Crete Carrier Corporation is an American trucking company headquartered in Lincoln, Nebraska. The company comprises three divisions—Crete Carrier, Shaffer Trucking, and Hunt Transportation—and offers freight transport services across the contiguous United States.

== History ==
Crete Carrier was founded by Ken Norton in 1966 in Crete, Nebraska. The company served as a contract carrier in its early years, shipping goods for customers such as Alpo pet food.

In 1971, Crete Carrier was acquired by Duane Acklie, the company's attorney, and his wife Phyllis, who borrowed $8,000 to complete the purchase. The company relocated its headquarters to Lincoln, Nebraska, in 1973.

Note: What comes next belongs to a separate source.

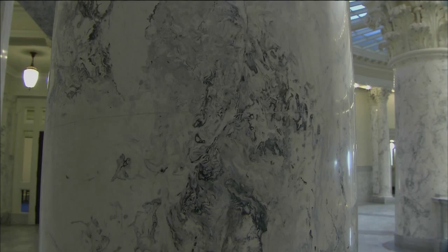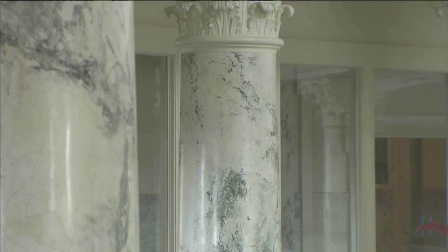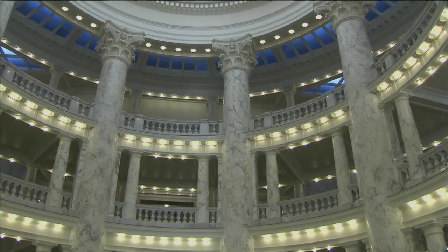All of the columns in the building are covered in a 16th century Italian plastering art form called Scaliola. An Italian family came to Idaho from New York when the Capitol was first built to create the columns as we see them today. The eight large columns help support the weight of the Capitol dome, standing 60 feet high and five feet in diameter at the base.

In 1974, the company acquired Shaffer Trucking, a refrigerated carrier based in New Kingstown, Pennsylvania. In 1979, the company acquired another refrigerated carrier, Sunflower Carriers, based in York, Nebraska.

In 1999, the company acquired Hunt Transportation (no relation to J. B. Hunt), a trucking company based in Omaha, Nebraska, that focused on heavy machinery transport.

By 2005, Crete Carrier Corporation employed more than 3,000 drivers and maintained a fleet of more than 3,400 tractors and 8,200 trailers.

In 2012, Crete Carrier Corporation launched five new trucks decorated to honor the U.S. Armed Forces as its Patriot Fleet.

== Operations ==
Crete Carrier Corporation is a privately held company that provides freight transport services across the contiguous United States. The company comprises three divisions: Crete Carrier, providing dry van services; Shaffer Trucking, providing refrigerated services; and Hunt Transportation, providing flatbed services. As of 2025, the company maintains a fleet of more than 5,000 tractors and 13,000 trailers.